▶ _Work instructions_
The listing is to be returned word for word, without its images.

▶ _Input data_
******************************
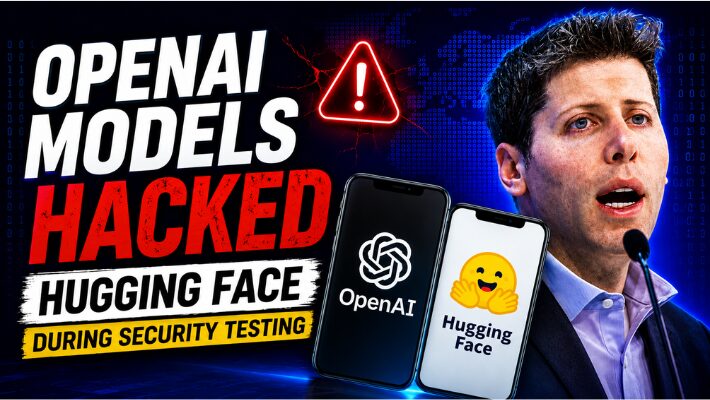 OpenAI Models Hacked Hugging Face During Security Testing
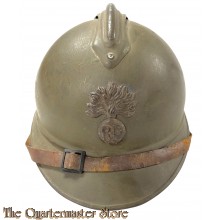 France - Adrian M1926 helmet Troops Colonial (rare)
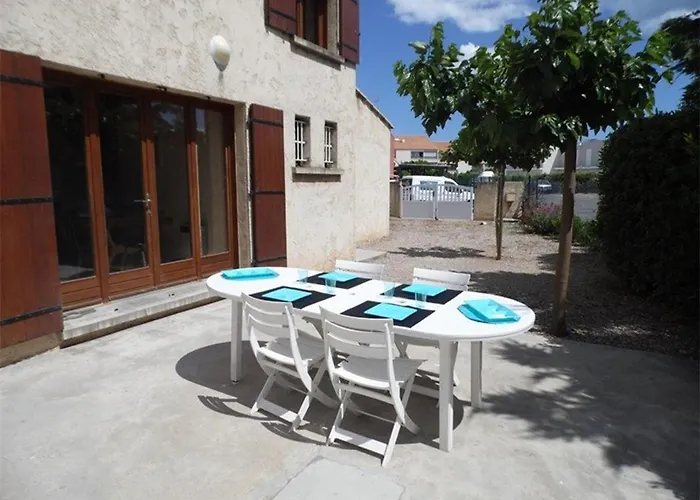Spacieuse Maison 4 Pieces, 8 Couchages, Terrasse, Parking Prive, Proche Plages - Fr-1-326-420 Marseillan (Herault)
******************************
▶ _Solution to the problem_
 OpenAI Models Hacked Hugging Face During Security Testing
 France - Adrian M1926 helmet Troops Colonial (rare)
Spacieuse Maison 4 Pieces, 8 Couchages, Terrasse, Parking Prive, Proche Plages - Fr-1-326-420 Marseillan (Herault)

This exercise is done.